# Me and My Sounder



## grant ashwell (Apr 24, 2007)

For years I kayak fished without a sounder. I did quite well but it was somewhat random as there are few apparent features where I fish. I progressed to a black and white which helped the focus then moved to colour. I spend at least 50% of my on water time looking at the sounder particularly around my GPS marks. Having a sounder is one thing but being physically able to see the detail is another. Mine is right at my side. I cannot see the smaller stuff with a sounder at my knees or feet.

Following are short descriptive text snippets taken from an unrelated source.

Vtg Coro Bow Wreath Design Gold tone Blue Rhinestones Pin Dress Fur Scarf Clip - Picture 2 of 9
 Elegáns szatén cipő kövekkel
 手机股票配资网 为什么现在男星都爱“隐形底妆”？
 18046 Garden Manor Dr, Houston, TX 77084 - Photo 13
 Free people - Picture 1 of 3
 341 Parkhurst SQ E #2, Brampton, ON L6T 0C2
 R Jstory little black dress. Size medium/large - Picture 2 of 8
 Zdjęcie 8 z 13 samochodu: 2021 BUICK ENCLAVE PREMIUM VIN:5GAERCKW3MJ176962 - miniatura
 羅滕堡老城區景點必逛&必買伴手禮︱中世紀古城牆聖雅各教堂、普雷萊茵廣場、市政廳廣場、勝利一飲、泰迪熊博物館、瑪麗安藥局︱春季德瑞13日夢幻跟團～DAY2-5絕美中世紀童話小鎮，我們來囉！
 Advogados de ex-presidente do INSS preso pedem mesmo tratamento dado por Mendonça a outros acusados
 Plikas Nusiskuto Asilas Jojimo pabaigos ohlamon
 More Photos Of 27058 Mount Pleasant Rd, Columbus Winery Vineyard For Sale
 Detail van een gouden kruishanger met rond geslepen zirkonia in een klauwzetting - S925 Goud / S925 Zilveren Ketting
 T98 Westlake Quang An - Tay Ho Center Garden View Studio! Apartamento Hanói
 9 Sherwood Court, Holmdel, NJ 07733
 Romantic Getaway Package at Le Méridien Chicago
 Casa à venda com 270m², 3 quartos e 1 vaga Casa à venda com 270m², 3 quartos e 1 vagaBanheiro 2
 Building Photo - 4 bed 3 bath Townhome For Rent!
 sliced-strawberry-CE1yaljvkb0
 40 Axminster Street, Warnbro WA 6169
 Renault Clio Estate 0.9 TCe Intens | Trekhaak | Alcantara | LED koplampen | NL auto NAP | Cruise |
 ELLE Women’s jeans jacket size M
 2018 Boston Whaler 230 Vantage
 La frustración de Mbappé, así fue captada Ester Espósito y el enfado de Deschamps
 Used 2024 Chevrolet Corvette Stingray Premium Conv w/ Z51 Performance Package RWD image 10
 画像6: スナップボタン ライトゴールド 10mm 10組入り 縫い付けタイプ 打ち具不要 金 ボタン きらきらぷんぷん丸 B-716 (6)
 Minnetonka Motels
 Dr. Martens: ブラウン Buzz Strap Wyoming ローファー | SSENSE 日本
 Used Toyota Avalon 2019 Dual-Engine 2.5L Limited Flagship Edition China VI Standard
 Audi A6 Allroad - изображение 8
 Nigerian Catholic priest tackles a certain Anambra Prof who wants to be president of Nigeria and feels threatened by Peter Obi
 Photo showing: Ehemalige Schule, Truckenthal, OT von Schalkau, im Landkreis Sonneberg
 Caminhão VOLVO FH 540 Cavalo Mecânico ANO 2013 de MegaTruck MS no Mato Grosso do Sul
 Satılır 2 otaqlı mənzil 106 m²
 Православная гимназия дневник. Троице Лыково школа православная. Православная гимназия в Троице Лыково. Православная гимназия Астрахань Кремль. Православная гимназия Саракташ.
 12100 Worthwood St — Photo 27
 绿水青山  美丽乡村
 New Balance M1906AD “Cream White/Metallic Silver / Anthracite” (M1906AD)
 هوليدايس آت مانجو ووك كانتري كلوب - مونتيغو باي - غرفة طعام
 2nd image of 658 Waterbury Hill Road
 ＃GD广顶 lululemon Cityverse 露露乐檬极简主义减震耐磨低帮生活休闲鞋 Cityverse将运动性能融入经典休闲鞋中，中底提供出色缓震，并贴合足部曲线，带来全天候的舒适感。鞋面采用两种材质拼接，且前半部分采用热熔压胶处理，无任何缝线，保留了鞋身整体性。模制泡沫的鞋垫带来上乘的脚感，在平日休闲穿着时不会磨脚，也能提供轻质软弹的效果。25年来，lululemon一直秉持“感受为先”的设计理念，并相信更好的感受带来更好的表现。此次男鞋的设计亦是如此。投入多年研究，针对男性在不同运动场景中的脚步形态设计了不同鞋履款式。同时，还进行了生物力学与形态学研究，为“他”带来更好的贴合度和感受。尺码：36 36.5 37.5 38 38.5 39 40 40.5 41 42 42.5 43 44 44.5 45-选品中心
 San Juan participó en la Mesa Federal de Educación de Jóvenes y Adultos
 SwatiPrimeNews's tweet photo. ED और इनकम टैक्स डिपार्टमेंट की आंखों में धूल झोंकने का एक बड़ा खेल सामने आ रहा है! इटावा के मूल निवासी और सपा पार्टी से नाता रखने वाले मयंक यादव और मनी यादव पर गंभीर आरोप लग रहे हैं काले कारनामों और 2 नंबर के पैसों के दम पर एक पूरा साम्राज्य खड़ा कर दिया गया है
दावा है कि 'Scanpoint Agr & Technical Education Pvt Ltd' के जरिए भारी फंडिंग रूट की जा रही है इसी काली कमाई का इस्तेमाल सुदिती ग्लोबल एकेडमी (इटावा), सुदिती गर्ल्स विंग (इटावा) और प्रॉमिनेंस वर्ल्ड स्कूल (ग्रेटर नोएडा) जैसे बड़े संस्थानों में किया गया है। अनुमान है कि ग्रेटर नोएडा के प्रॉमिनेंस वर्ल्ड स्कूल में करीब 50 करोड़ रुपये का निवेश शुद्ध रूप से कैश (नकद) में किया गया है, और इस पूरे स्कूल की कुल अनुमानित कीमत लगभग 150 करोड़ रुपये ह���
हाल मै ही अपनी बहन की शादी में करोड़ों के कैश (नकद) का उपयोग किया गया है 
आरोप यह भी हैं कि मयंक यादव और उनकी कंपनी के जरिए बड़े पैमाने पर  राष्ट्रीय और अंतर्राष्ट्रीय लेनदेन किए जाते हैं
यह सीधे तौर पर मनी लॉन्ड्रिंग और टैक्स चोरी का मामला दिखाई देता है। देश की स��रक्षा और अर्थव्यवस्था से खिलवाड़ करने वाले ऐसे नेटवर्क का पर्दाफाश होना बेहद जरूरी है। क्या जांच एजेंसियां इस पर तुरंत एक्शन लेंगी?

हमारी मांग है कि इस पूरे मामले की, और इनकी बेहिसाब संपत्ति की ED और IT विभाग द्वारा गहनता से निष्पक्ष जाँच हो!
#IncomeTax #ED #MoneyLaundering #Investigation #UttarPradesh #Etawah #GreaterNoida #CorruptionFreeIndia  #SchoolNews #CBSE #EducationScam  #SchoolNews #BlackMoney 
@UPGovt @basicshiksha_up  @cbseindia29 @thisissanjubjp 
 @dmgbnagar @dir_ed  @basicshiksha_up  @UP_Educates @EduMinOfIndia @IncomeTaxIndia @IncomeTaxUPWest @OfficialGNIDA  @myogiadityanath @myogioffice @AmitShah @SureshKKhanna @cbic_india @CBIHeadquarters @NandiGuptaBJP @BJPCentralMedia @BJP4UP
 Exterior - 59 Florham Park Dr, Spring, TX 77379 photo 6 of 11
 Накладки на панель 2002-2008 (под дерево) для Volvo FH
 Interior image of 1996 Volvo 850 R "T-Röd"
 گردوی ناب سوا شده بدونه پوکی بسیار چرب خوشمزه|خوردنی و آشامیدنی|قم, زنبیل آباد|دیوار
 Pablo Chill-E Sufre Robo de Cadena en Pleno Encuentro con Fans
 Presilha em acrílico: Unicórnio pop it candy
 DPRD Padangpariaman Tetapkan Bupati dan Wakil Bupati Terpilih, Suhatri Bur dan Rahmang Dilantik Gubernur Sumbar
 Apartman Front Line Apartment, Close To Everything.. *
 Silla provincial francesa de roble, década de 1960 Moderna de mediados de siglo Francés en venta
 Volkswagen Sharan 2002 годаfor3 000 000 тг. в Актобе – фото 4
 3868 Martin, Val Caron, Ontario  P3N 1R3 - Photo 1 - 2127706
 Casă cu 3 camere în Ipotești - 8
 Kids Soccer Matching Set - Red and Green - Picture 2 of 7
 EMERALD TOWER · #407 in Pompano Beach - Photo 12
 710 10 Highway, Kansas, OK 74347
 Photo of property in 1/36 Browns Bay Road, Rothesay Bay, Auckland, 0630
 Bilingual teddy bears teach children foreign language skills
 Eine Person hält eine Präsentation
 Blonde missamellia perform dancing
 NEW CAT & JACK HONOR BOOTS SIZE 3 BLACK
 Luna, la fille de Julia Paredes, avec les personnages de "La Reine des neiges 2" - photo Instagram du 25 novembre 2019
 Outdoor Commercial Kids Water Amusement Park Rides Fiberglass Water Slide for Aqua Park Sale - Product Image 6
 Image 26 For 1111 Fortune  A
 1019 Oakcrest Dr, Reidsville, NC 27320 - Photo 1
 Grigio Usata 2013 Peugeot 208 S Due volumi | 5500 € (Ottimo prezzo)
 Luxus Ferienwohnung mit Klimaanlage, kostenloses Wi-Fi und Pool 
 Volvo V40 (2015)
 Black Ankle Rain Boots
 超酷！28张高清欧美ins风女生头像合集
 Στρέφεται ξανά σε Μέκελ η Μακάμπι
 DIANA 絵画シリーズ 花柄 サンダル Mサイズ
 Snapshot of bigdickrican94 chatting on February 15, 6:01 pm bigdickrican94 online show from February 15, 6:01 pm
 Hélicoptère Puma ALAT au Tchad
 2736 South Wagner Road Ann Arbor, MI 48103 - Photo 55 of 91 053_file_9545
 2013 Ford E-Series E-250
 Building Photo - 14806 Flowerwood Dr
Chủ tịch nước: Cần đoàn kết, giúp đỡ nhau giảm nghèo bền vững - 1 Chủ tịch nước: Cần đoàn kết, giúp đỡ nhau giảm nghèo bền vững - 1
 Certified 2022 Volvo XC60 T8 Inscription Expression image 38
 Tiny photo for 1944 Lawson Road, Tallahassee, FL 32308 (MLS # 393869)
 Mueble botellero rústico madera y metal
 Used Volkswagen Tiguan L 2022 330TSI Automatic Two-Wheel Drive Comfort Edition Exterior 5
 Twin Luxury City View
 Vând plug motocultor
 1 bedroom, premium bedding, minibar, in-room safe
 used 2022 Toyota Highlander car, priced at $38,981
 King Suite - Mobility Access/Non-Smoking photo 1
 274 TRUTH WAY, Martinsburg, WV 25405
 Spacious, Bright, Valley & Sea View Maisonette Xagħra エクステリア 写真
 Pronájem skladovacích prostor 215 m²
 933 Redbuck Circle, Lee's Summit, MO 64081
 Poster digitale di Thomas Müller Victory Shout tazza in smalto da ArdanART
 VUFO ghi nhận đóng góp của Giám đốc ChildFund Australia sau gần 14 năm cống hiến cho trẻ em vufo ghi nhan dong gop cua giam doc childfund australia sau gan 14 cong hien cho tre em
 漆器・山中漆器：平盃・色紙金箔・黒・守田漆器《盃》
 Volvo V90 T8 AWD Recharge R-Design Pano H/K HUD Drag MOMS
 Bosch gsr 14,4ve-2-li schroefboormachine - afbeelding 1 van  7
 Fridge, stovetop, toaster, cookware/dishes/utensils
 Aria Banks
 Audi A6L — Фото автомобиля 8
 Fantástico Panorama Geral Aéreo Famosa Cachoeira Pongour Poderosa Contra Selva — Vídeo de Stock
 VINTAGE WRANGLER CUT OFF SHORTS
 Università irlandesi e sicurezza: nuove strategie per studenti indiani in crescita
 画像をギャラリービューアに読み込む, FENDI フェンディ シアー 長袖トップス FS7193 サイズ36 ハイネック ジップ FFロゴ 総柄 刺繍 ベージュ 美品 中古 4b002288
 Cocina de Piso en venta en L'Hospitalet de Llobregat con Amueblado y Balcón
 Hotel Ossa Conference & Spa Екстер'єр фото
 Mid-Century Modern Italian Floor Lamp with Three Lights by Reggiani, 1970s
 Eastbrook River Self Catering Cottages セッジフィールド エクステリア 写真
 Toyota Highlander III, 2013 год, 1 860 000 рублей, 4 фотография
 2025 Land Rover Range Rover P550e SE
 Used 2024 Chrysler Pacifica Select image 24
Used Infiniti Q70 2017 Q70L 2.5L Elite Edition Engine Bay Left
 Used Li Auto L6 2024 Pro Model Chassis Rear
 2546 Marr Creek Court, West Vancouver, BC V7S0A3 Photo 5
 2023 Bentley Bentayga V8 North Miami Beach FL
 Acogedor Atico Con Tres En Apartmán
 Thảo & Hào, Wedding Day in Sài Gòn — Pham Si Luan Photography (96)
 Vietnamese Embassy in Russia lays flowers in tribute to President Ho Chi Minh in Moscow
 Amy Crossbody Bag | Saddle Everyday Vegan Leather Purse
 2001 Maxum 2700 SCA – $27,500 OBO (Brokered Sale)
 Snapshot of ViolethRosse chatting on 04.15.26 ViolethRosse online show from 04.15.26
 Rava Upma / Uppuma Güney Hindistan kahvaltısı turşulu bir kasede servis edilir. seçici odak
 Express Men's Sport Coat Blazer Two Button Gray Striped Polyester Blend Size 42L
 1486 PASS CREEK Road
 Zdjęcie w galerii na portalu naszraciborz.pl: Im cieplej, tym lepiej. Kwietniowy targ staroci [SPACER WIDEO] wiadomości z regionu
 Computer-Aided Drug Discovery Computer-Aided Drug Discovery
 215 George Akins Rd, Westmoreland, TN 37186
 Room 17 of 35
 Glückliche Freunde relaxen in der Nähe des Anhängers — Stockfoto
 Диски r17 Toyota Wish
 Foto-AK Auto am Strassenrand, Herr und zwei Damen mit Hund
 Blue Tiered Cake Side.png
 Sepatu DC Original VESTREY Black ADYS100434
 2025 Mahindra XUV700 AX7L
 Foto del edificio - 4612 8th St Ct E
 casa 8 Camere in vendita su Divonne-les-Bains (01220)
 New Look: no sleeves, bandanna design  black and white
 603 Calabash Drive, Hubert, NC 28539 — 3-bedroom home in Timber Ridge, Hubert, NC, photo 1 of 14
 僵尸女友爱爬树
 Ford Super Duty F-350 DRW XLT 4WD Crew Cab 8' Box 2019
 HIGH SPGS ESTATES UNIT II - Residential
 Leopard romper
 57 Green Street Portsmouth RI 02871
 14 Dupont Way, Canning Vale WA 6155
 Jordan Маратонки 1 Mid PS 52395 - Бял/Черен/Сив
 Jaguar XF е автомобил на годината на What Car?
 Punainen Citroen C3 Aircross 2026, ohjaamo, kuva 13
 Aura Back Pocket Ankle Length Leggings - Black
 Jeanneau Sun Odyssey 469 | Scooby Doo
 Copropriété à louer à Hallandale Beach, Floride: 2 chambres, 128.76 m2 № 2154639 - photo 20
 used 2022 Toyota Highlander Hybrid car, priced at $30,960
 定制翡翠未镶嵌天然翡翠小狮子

Now the years without a sounder helped hone all the other fish finding skills. We know them all as they are well written about. I still use all these skills and leads that nature provides but try and do it in conjunction with the picture I see below the surface. For example, when I come across a bunch of Slimies frollicking on the surface as they often do at high or low tide. The sounder allows me to see if this is just the pinnacle of a much larger mass. I have options then : do I want to upgrade my bait with the jig or are there predators (or both)? The sounder gives me my trolling perameters and also may let me know what else is below. Again, it has been well documented re behaviours of bait under siege. Basically looking for tightly packed bait, holes through the middle, the wall of death or very thin tall schooling. Remember that bait may not show on the surface so finding these schools relies on the sounder--BUT birds may give the first clue (often the Mutton birds just sit on the surface when the bait is deep) as does the water surface. If you look very carefully you can see that the dapples on the water are different according to the type of bait fish just sub surface. These patches are easily identifiable once you get good at it. This is how the Mullet spotters work and they can differentiate several different types of fish. I might mark these groups of bait and return or fish it for hours. Stuff like this is worth investigating.
When using the sounder to identify particular species or individual fish, it is not done in isolation. I also factor in things like: water temperature as this will determine much of what is present ;eg large bottom marks in hot water are unlikely to be snapper even if sitting near the sea bed.
:current as some species suit current and some sit off it. I often sight Mackeral sitting stacked where the flow is.
:water colour and quality as some species prefer blue v's green and some do not care. Includes sparklers and bluebottles 
:underwater structure as some fish appear to sit up stream of structure possibly riding on a pressure wave. All fish visit structure.
:hotspots which occur as warmer variations in the ocean. Some of these hotspots are the size of a football field. I have a couple of areas that seem to regularly attract hotspots so I pay regular attention to my temp readout. This gets squewed as the sun soaks into the hull but is still relative and goes that little bit higher still when the water is warmer. I can pick it with a hand dip as well
:what others have been catching-from internet reports, other boaties or the local fish Co-op as these give me an idea as to what might be about so that I pay more attention to/for their specific characteristics.
:at the start of each session I can often get an idea of how the day will be. I like to think I see a shopping mall down below. Fish sitting, ducking and diving, bottom level and upstairs. It is a good, busy look. High energy with everything out and about. If I start off jigging baby flathead on the sabiki then that means that there is probably not much competition around thus little underwater energy and thus a slow day. Same with Rock cod when Snapper fishing I guess. If the sluggards repeatedly get the bait then it must be quiet down there. 
:depth as this changes some species. I sometimes fish a 12m deep bay and mark longish thin fish pre dawn. These are unlikely to be Wahoo, too thin for sharks so I think large, shallow water Spaniards. In 12m they are no longer a thin line of pixels. The ones that I have hooked are certainly Spaniards.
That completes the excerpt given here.